[Web page caption snippets]
---*---

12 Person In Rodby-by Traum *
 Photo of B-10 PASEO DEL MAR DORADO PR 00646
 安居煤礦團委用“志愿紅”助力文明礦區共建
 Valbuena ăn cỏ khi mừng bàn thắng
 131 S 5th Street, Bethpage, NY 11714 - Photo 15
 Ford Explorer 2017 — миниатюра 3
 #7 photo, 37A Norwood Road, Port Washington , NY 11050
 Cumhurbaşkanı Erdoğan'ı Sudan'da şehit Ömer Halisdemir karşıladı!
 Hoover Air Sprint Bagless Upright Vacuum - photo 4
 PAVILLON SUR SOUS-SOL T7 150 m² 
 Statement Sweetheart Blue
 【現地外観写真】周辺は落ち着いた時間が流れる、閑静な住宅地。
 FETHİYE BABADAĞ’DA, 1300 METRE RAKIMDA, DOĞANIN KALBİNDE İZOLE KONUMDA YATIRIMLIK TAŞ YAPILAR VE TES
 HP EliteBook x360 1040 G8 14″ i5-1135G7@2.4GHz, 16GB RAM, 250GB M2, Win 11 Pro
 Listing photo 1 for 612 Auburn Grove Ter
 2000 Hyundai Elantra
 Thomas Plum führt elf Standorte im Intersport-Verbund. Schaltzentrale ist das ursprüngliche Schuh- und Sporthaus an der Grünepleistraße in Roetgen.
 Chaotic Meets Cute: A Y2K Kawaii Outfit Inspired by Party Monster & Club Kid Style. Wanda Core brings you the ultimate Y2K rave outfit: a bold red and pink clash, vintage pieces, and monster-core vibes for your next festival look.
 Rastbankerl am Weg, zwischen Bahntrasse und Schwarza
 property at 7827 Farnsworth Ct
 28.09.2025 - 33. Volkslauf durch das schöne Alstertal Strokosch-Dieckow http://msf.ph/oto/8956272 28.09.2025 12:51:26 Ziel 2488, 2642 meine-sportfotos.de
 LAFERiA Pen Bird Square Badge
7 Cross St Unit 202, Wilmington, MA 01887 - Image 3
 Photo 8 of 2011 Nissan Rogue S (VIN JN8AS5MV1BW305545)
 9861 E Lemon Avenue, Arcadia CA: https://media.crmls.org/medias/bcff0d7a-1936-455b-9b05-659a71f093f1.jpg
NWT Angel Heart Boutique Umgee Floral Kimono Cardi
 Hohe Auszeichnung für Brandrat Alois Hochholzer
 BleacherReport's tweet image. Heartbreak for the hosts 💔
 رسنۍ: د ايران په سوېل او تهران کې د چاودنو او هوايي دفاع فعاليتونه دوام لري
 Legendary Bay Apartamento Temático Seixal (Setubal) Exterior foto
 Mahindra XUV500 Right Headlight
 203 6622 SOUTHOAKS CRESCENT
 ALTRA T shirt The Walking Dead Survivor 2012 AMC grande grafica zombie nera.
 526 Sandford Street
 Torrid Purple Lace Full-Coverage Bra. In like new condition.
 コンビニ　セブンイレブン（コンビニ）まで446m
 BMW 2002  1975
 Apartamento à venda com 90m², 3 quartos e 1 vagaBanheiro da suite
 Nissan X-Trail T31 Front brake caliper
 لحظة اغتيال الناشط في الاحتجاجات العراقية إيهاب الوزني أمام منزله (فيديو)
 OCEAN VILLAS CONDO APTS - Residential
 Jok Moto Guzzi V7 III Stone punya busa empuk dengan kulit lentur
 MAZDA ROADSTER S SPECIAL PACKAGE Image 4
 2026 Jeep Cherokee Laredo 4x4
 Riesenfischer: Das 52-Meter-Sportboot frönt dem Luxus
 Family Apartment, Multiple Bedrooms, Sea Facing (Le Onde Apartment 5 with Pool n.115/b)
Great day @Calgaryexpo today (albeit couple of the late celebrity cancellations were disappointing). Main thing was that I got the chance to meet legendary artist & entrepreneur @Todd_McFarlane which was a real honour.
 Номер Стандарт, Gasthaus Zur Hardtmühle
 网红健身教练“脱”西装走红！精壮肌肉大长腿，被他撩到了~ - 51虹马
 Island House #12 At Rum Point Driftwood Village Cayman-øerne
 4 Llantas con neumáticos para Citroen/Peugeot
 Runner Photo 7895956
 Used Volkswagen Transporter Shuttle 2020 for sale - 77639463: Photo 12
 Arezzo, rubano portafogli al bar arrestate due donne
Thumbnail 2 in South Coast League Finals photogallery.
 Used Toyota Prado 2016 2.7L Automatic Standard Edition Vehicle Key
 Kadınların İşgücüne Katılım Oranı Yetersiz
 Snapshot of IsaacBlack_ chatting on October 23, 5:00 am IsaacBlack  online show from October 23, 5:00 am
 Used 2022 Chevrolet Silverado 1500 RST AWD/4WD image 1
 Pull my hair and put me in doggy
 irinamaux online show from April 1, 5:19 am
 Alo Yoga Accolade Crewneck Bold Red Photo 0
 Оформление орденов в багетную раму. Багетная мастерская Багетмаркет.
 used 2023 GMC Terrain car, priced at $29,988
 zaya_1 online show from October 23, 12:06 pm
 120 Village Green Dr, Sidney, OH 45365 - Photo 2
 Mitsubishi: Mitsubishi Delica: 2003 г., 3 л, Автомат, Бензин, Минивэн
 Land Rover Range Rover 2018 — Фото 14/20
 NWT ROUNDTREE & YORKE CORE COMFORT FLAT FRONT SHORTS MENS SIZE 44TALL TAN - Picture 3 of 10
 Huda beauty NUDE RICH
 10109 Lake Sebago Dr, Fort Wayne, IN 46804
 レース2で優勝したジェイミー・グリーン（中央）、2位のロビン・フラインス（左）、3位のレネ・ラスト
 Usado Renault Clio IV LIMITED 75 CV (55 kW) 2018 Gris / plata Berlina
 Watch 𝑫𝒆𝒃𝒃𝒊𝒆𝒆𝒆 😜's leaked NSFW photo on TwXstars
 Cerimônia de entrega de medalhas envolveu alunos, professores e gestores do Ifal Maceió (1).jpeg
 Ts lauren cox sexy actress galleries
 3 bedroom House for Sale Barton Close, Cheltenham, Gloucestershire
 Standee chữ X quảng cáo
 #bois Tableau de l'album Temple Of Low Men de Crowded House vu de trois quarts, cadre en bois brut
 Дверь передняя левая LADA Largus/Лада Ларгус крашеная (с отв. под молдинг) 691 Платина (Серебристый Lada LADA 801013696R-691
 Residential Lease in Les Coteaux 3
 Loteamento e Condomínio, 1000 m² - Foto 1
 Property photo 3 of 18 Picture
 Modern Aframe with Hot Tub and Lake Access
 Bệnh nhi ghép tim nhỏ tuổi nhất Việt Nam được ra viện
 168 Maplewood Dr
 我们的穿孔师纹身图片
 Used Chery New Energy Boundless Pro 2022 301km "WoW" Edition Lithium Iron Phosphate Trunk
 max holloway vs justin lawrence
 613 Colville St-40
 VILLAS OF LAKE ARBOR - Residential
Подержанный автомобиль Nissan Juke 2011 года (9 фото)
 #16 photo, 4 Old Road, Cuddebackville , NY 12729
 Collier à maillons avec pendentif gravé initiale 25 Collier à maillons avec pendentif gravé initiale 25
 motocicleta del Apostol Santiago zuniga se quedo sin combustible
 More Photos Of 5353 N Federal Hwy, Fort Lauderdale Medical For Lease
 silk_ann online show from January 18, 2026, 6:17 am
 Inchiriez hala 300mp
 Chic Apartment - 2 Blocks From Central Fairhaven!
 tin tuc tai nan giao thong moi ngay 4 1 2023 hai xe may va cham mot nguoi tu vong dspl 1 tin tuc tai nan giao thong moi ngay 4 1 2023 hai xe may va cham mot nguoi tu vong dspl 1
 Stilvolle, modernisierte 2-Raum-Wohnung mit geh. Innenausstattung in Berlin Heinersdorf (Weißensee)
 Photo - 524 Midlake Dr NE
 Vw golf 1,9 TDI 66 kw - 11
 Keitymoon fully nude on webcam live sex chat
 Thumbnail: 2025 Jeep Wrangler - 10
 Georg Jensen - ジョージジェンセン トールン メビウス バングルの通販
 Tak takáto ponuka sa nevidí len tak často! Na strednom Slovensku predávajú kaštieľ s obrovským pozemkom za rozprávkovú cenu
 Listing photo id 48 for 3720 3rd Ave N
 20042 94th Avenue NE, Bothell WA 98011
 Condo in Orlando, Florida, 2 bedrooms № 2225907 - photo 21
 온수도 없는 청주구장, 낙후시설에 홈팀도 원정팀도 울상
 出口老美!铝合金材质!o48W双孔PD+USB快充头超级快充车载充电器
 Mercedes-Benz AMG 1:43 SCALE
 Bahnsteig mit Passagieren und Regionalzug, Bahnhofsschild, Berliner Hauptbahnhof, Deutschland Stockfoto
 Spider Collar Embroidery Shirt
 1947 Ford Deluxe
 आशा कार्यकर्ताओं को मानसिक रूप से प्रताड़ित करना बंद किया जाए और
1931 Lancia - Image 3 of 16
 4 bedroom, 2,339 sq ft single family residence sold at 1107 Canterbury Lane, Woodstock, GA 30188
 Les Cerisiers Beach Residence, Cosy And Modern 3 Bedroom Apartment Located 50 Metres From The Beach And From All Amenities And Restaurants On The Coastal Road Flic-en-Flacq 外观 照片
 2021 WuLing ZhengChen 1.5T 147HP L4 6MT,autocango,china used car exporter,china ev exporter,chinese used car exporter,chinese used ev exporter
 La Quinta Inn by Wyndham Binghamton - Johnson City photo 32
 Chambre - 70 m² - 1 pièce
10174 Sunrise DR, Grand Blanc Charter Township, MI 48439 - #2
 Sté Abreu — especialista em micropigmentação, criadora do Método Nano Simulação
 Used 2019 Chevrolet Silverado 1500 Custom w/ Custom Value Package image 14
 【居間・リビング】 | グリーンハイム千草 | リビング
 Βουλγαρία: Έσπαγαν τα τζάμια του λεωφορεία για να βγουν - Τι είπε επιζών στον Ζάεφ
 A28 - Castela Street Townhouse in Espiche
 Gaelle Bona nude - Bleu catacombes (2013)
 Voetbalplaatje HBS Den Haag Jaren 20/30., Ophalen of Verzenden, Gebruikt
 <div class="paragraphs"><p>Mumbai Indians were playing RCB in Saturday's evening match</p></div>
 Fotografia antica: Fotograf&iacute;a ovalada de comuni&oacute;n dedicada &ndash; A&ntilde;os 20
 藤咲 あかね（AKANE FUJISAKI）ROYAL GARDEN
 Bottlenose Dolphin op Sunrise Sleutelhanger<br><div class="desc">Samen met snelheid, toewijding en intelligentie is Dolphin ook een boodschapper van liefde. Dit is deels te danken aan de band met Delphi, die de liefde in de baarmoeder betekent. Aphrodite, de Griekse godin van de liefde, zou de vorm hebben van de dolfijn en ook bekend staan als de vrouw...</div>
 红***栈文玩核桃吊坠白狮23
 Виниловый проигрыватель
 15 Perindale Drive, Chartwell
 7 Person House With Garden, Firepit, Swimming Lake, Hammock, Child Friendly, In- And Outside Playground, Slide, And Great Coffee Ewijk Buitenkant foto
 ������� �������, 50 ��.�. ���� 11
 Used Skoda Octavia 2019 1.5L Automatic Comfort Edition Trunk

---*---

WHAT IS BEING ASKED: Give back the lines of the data exactly as they are written, from the first line through the line containing "コンビニ　セブンイレブン（コンビニ）まで446m".

RESPONSE TO THIS EXERCISE:
12 Person In Rodby-by Traum *
 Photo of B-10 PASEO DEL MAR DORADO PR 00646
 安居煤礦團委用“志愿紅”助力文明礦區共建
 Valbuena ăn cỏ khi mừng bàn thắng
 131 S 5th Street, Bethpage, NY 11714 - Photo 15
 Ford Explorer 2017 — миниатюра 3
 #7 photo, 37A Norwood Road, Port Washington , NY 11050
 Cumhurbaşkanı Erdoğan'ı Sudan'da şehit Ömer Halisdemir karşıladı!
 Hoover Air Sprint Bagless Upright Vacuum - photo 4
 PAVILLON SUR SOUS-SOL T7 150 m² 
 Statement Sweetheart Blue
 【現地外観写真】周辺は落ち着いた時間が流れる、閑静な住宅地。
 FETHİYE BABADAĞ’DA, 1300 METRE RAKIMDA, DOĞANIN KALBİNDE İZOLE KONUMDA YATIRIMLIK TAŞ YAPILAR VE TES
 HP EliteBook x360 1040 G8 14″ i5-1135G7@2.4GHz, 16GB RAM, 250GB M2, Win 11 Pro
 Listing photo 1 for 612 Auburn Grove Ter
 2000 Hyundai Elantra
 Thomas Plum führt elf Standorte im Intersport-Verbund. Schaltzentrale ist das ursprüngliche Schuh- und Sporthaus an der Grünepleistraße in Roetgen.
 Chaotic Meets Cute: A Y2K Kawaii Outfit Inspired by Party Monster & Club Kid Style. Wanda Core brings you the ultimate Y2K rave outfit: a bold red and pink clash, vintage pieces, and monster-core vibes for your next festival look.
 Rastbankerl am Weg, zwischen Bahntrasse und Schwarza
 property at 7827 Farnsworth Ct
 28.09.2025 - 33. Volkslauf durch das schöne Alstertal Strokosch-Dieckow http://msf.ph/oto/8956272 28.09.2025 12:51:26 Ziel 2488, 2642 meine-sportfotos.de
 LAFERiA Pen Bird Square Badge
7 Cross St Unit 202, Wilmington, MA 01887 - Image 3
 Photo 8 of 2011 Nissan Rogue S (VIN JN8AS5MV1BW305545)
 9861 E Lemon Avenue, Arcadia CA: https://media.crmls.org/medias/bcff0d7a-1936-455b-9b05-659a71f093f1.jpg
NWT Angel Heart Boutique Umgee Floral Kimono Cardi
 Hohe Auszeichnung für Brandrat Alois Hochholzer
 BleacherReport's tweet image. Heartbreak for the hosts 💔
 رسنۍ: د ايران په سوېل او تهران کې د چاودنو او هوايي دفاع فعاليتونه دوام لري
 Legendary Bay Apartamento Temático Seixal (Setubal) Exterior foto
 Mahindra XUV500 Right Headlight
 203 6622 SOUTHOAKS CRESCENT
 ALTRA T shirt The Walking Dead Survivor 2012 AMC grande grafica zombie nera.
 526 Sandford Street
 Torrid Purple Lace Full-Coverage Bra. In like new condition.
 コンビニ　セブンイレブン（コンビニ）まで446m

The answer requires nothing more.